The Kapitza’s pendulum is inverted pendulum that is dynamically stabilized by a fast driving of its pivot point. Many applications of Kapitza stabilization in quantum systems have been proposed, such as optical molasses, the stability of optical resonators, preparation of molecular ions, the breaking of translation symmetry, the periodically driven sine-Gordon model, polariton Rabi oscillation, the stabilization of bright solitons in a Bose-Einstein condensate, and so on. In particular, Kapitza stabilization can be used to trap particles. The most notable example of such an application is the Paul trap.

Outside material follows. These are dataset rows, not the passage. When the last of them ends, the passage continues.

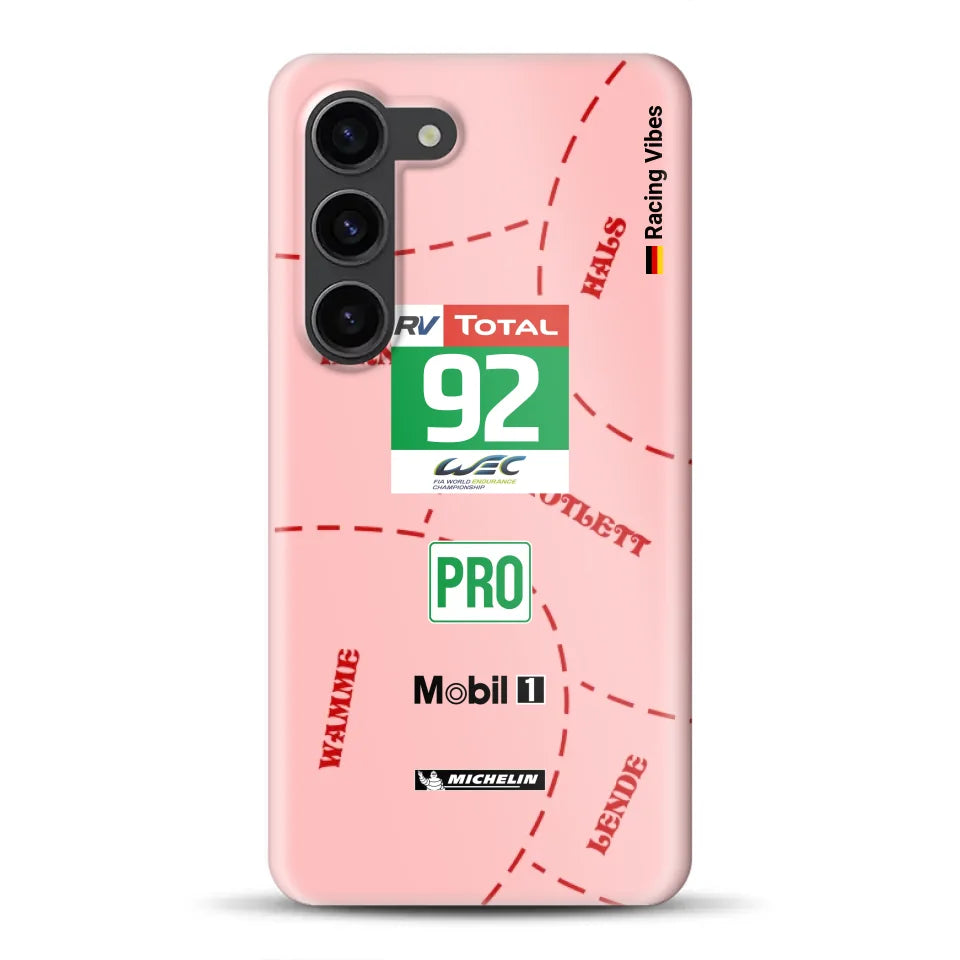 Pink Pig Porsche RSR Livery - Individuelle Hardcase Hülle für Samsung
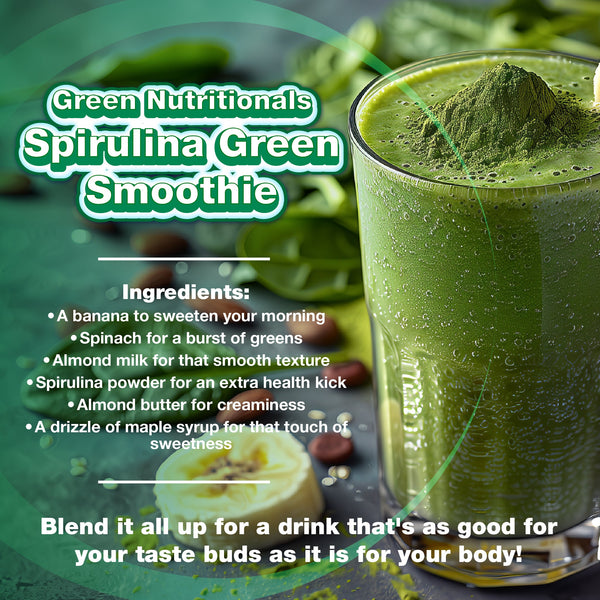 Green Nutritionals Hawaiian Pacifica Spirulina Green Nutritionals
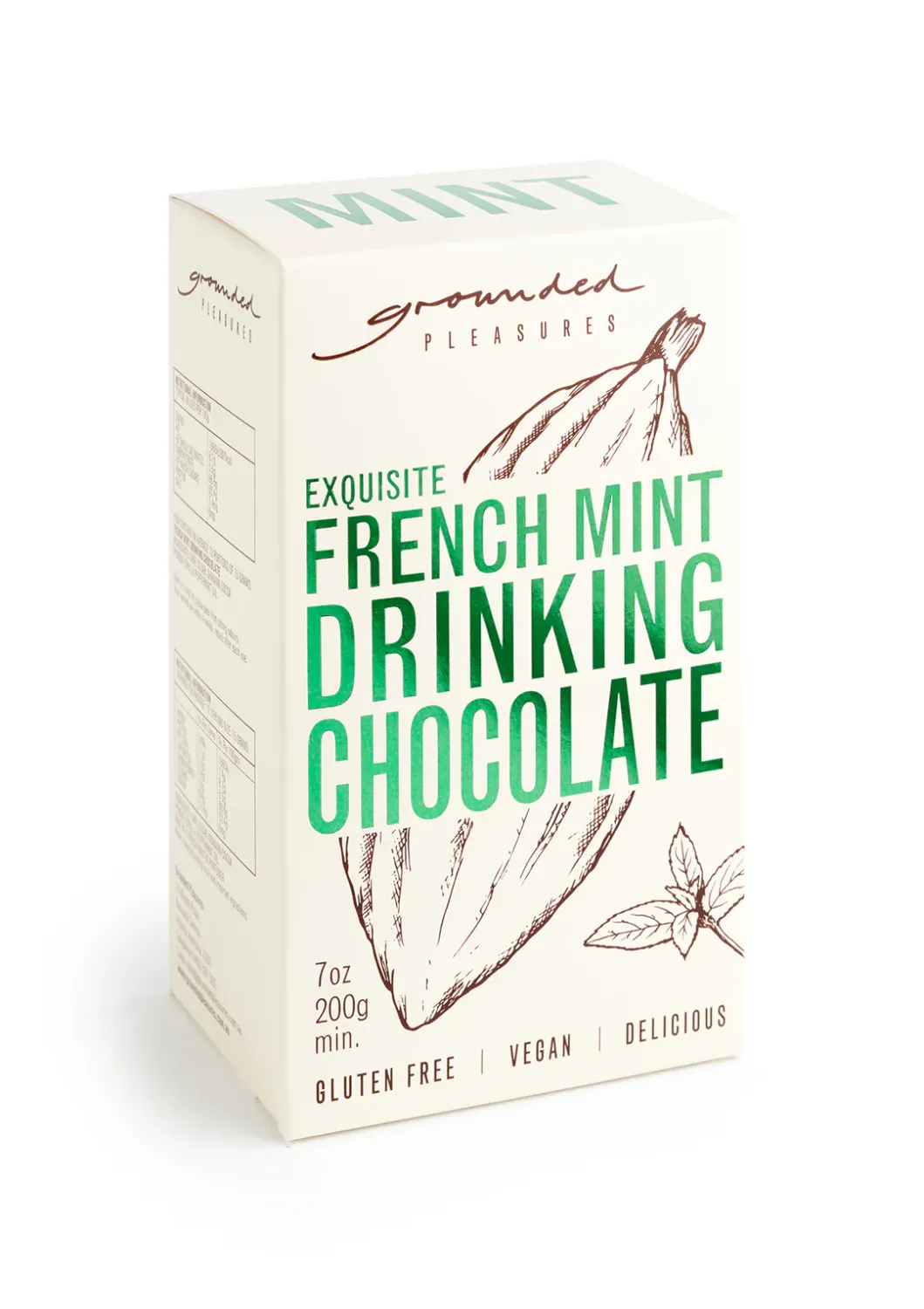 Grounded Pleasures Drinking Chocolate - French Mint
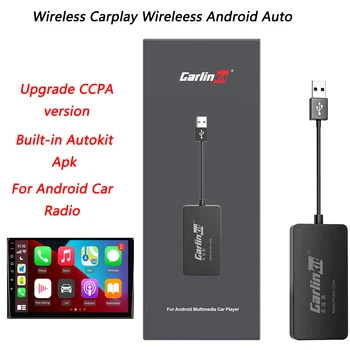 CarlinKit USB Беспроводной ключ CarPlay Проводной Автоматический AI Box Автомобильный мультимедийный плеер Mirrorlink Портативный Bluetooth Автомобильный Экранный разъем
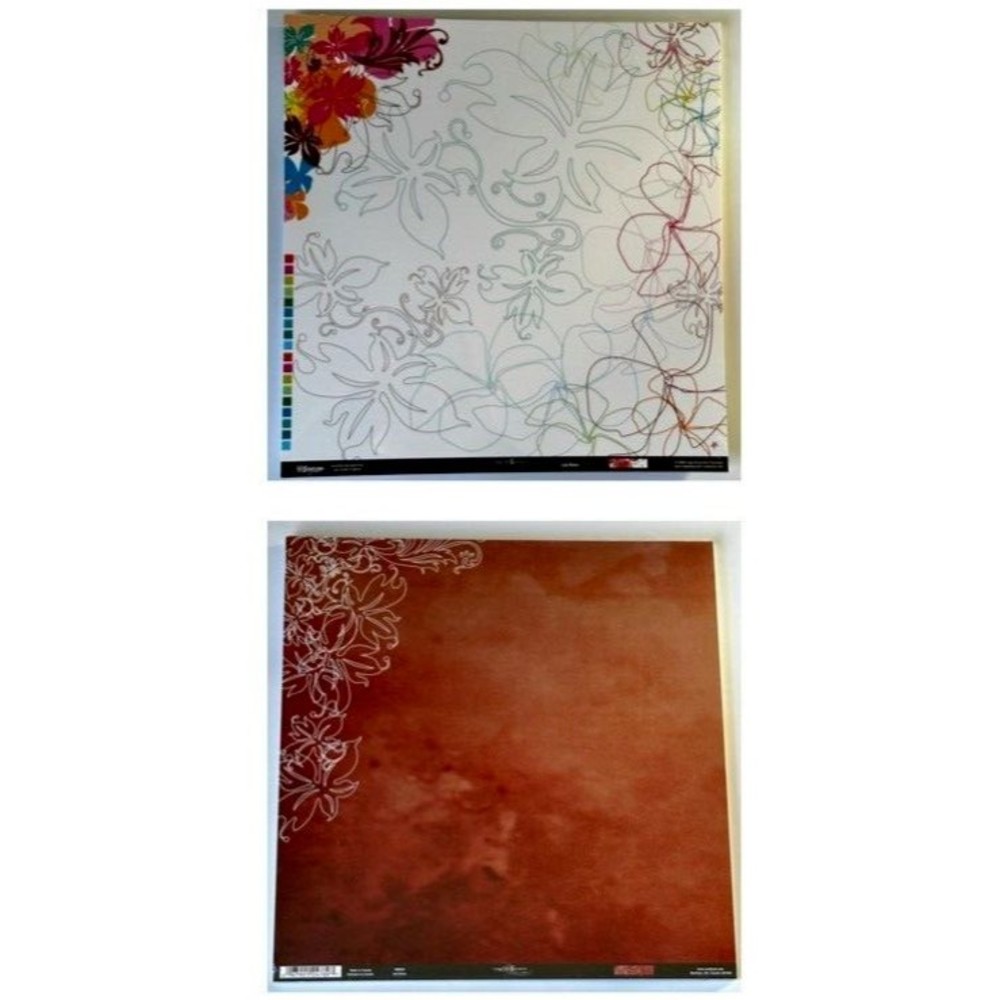 SANDYLION Rouge de Garance RMR40 "Just Relax" DS 12x12 Scrapbook Paper -…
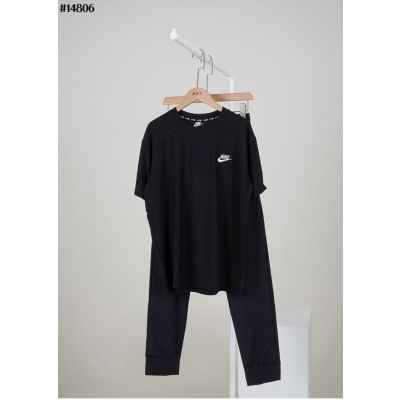 나** 남여공용 썸머 자수 로고 쿨링 티셔츠  포켓 조거 팬츠 셋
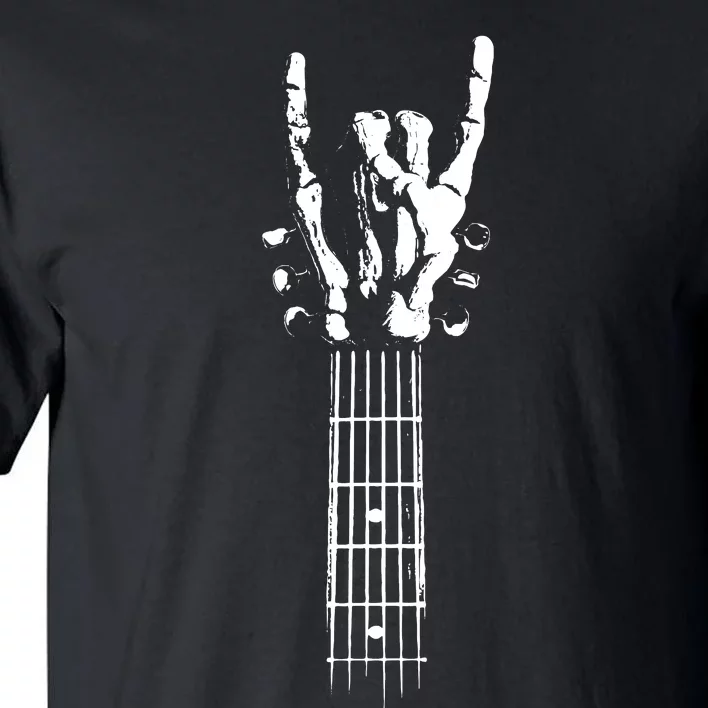 Rock Skeleton Guitar Tall T-Shirt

Recently, the Kapitza trap is created by superimposing time-tuned focused laser beams to produce a periodic driven harmonic potential for ultracold atomic gases. This work opens up new possibilities to study Floquet systems of ultracold atomic gases. So we consider the periodic driven harmonic potential, and investigate the properties of soliton in ultracold atomic gases by numerical simulations. It is interesting found that, when the soliton is located at the center of the harmonic potential, a resonance phenomenon of soliton amplitude oscillation occurs under specific driven frequency. In addition, the oscillation amplitude increases with the increasing of the trapping frequency of the harmonic potential, and the resonance frequency increases with the increasing of the soliton initial amplitude.
The change of driven frequency and initial phase has a significant effect on soliton motion when the soliton is located at the edge of the harmonic potential. When the initial phase is zero, there is a characteristic driven frequency. For the case of the driven frequency is equal to the characteristic frequency, soliton motion exhibits periodic oscillations. For the case of the driven frequency is slightly lower than the characteristic frequency, the resonance of soliton oscillation can be found. While the driving frequency is slightly higher than the characteristic frequency, the anti-resonance of soliton oscillation can be found. In addition, it was found that the characteristic driven frequency increases linearly with the increasing of the trapping frequency of the harmonic potential. When the initial phase is not equal to zero, the irregular oscillation, quasi-periodic oscillation and periodic oscillation can be observed with increasing driven frequency. While the driven frequency is equal to a specific value, the resonance of soliton oscillation can also obtained. Furthermore, the fast driving has no effect on the motion trajectory of solitons. These results can provide help for the precise controlling of ultracold atomic gases.